Canadair CT-114 Tutor
Archive Photos 1
[Canadair CT-114 "Tutor" (CL-41A) (114113) c.1993 at the MCAS El Toro Airshow (35mm photo by John Shupek)]
[Canadair CT-114 "Tutor" c.2003 at the Canada Aviation Museum, Ottawa, Ontario, Canada (Photo by John Shupek)]
The Canadair CT-114 Tutor (company model CL-41) was the Royal Canadian Air Force (RCAF), and later Canadian Forces, standard jet trainer, between the early 1960s and 2000. Designed and built by Canadair, it was ordered in September 1961.
The Tutor served as the Canadian Forces primary jet trainer until it was replaced by the CT-155 Hawk and CT-156 Harvard II in 2000. The CL-41G model supplied to Malaysia was built as a ground-attack aircraft. The Tutor is currently still used by the Snowbirds aerobatics team.
Design and Development 2
The CL-41 design was the product of the Canadair Preliminary Design department. The design incorporated a turbojet-powered, low-wing aircraft with a tricycle undercarriage and a T-type tail assembly. The flying controls are manual with spring tabs. The cabin, fitted with a rear-hinged canopy for both crew members, can be pressurized to a differential of 3 psi (20 kPa), the equivalent of about 2,000 m of altitude. It was designed to be a side-by-side trainer for providing elementary jet flight training and other training to an advanced level. The prototype first flew on 13 January 1960.

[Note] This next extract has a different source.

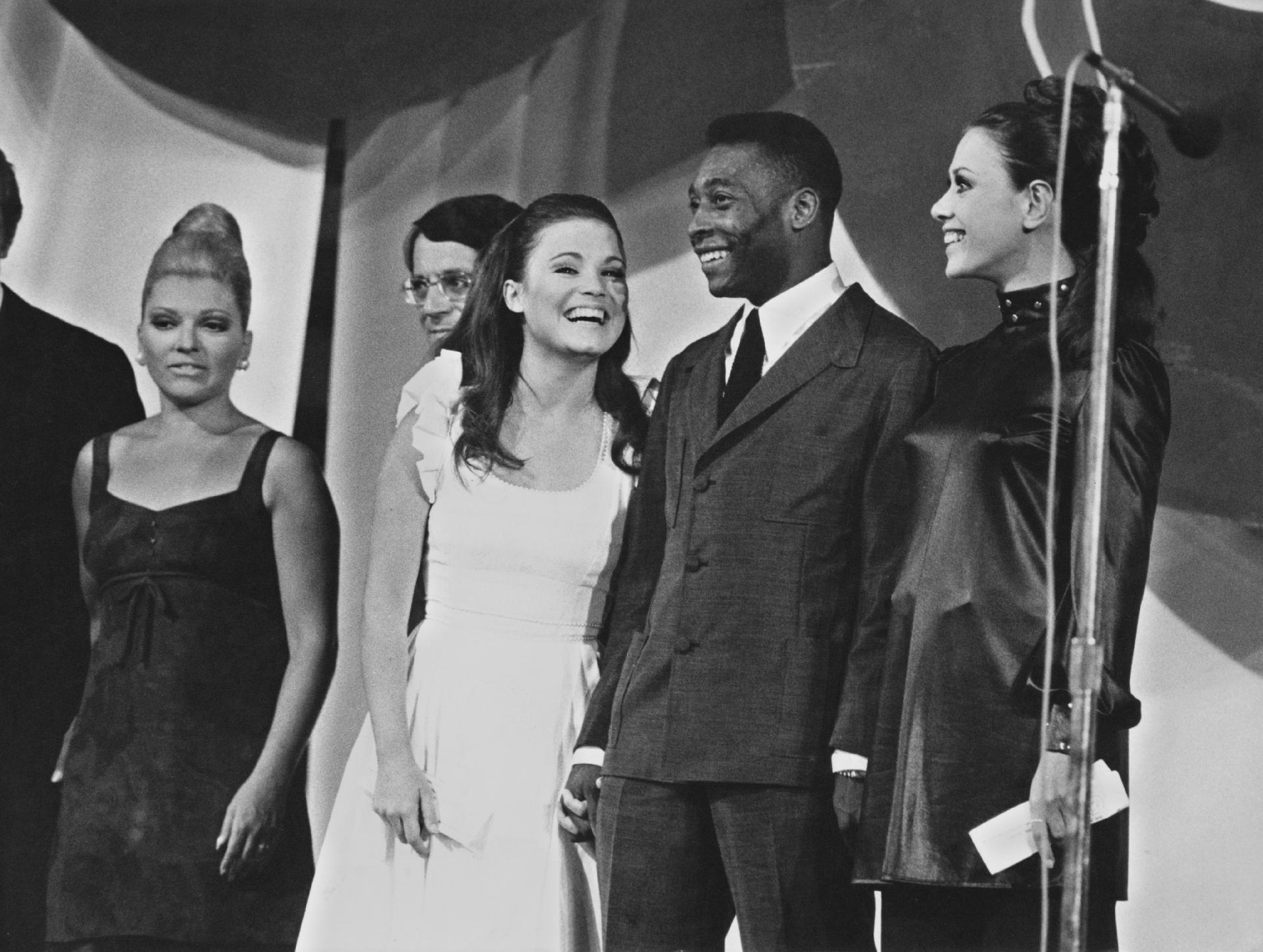 01.jan.1969 - Pelé marcou presença em um programa de variedades na TV. - Pictorial Parade
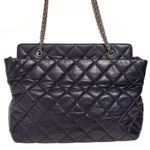 Bolsa-Chanel-Reissue-2.55-Tote-Matelasse-Marinho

One critical area of design was the positioning of the vertical stabilizer (fin). The CL-41 was intended to demonstrate spin recovery. If the fin is too far forward, a spin cannot be initiated, but if it is too far aft, recovery becomes impossible. Model tests were done to find the optimum position. The original Tutor wind-tunnel model had a cruciform tail, which was revised to the T-tail design by removing the portion above the horizontal stabilizer.
Operational History 2
In September 1961 the Canadian government ordered 190 examples of the production variant, CL-41A for the RCAF as the CT-114 Tutor. The Tutor served for over thirty years as a primary trainer. In 1976, the Canadian Forces modified 113 remaining aircraft with upgraded avionics and provisions for two belly-mounted 41 US gal (155 l) external fuel tanks.

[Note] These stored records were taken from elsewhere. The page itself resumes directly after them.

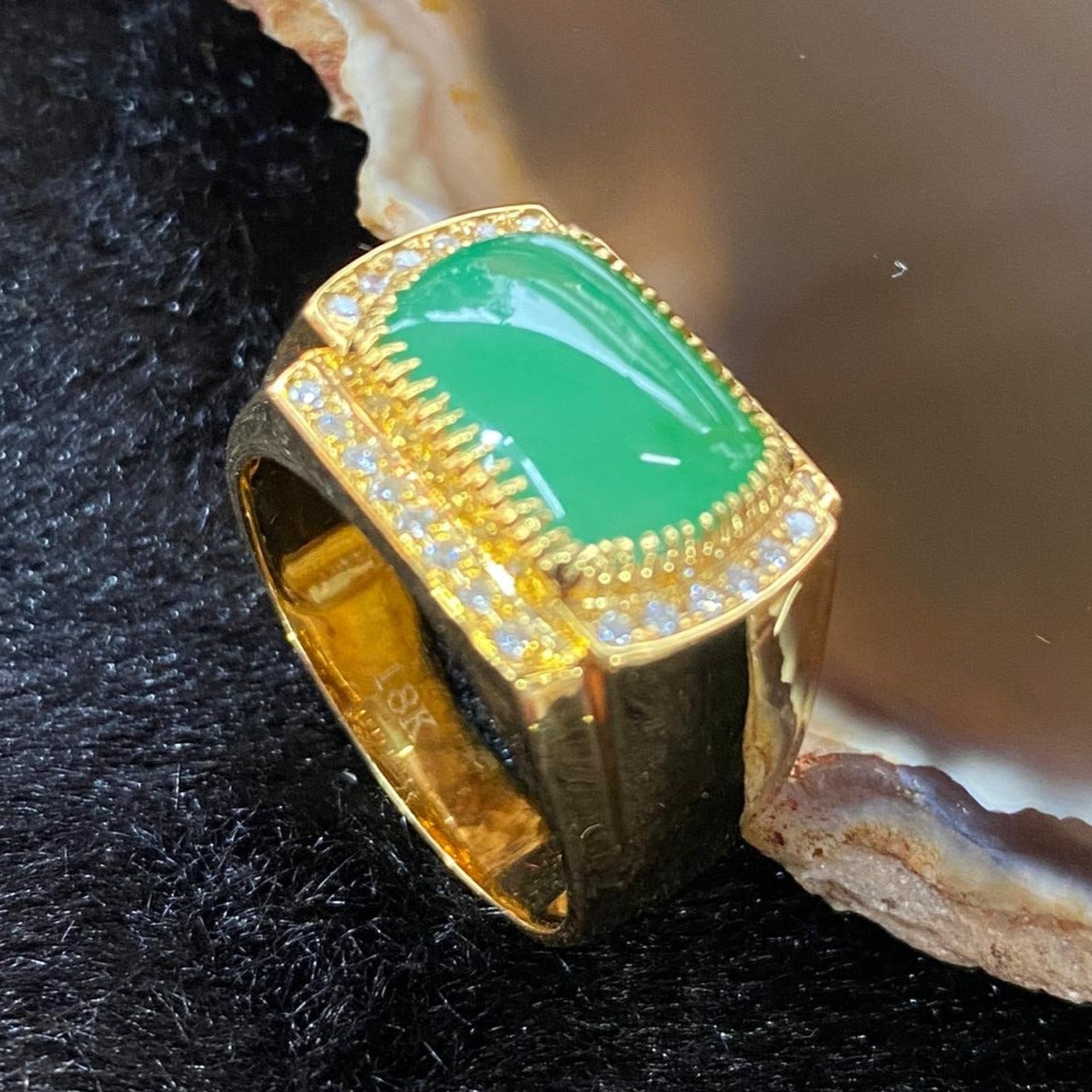 18k yellow gold Type A Burmese Jade jadeite ring US Size 9 HK Size 20 - Huangs Jadeite and Jewelry Pte Ltd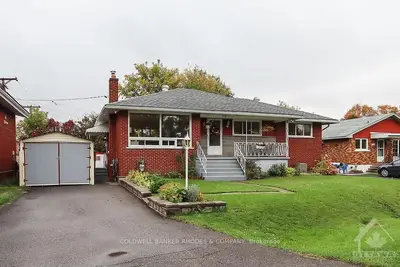 716 LUC Street, Vanier and Kingsview Park, ON K1K 3M6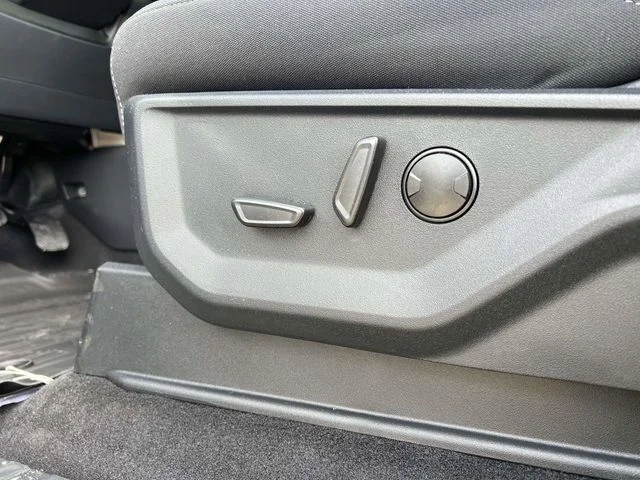New 2026 Carbonized Gray Metallic Ford XLT image 13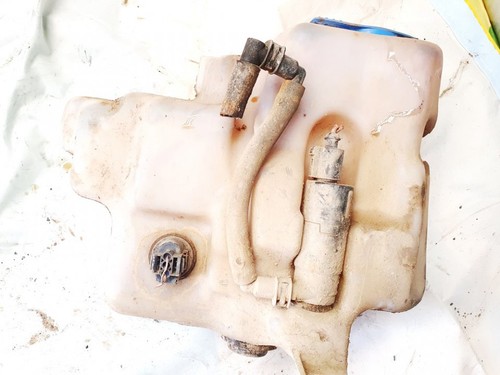 Waschwasserpumpe, Scheibenreinigung  Volkswagen Golf DE1682852-70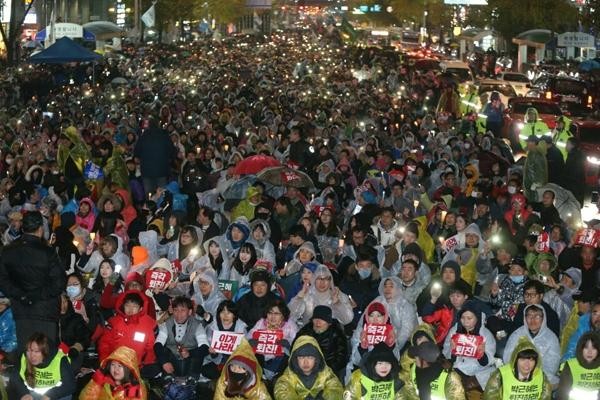한국, 45년 만에 비상계엄 선포→6시간 만에 해제…대통령 퇴진 요구로 인한 시민들의 목소리 고조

Canadair also developed an armament training and light attack variant, the CL-41G, with an uprated engine and underwing hard points to allow the carriage of external stores (up to 4,000 lb (1814 kg) of weapons) and drop tanks. In March 1966, the Royal Malaysian Air Force ordered twenty (serials M-22-01 to M22-11) examples of the CL-41G-5 Tebuan (which means Wasp in the Malay language) aircraft as counterinsurgency (COIN) aircraft. The Tebuan entered service in Malaysia in 1967, serving for over twenty years, before being phased out in June 1986 and replaced by the Aermacchi MB-339A.

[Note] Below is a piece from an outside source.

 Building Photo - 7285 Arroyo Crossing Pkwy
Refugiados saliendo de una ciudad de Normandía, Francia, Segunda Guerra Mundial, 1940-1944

One other variant was developed, the CL-41R which was fitted with an F-104 Starfighter nose as a proposed electronic systems trainer for future RCAF CF-104 pilots. The R model never went into production.
In 1967, ten Tutors were modified for use as a formation aerobatic aircraft by the RCAF (and later the unified Canadian Forces) display team, the Golden Centennaires to celebrate Canada's centennial year. The display team was disbanded after the 1967 season. In 1971 a formation team was formed at 2CFFTS (Two Canadian Forces Flying Training School) at CFB Moose Jaw. In 1972 the name "Snowbirds" was chosen and in 1978 the team gained squadron status as 431 Air Demonstration Squadron, who continue to perform at air shows and special events including the annual flypast on Canada Day over the capital city, Ottawa.
Modifications for the Snowbirds include: a smoke generating system, a unique paint scheme for added crowd appeal, and a highly tuned engine to enhance engine response in low level flying.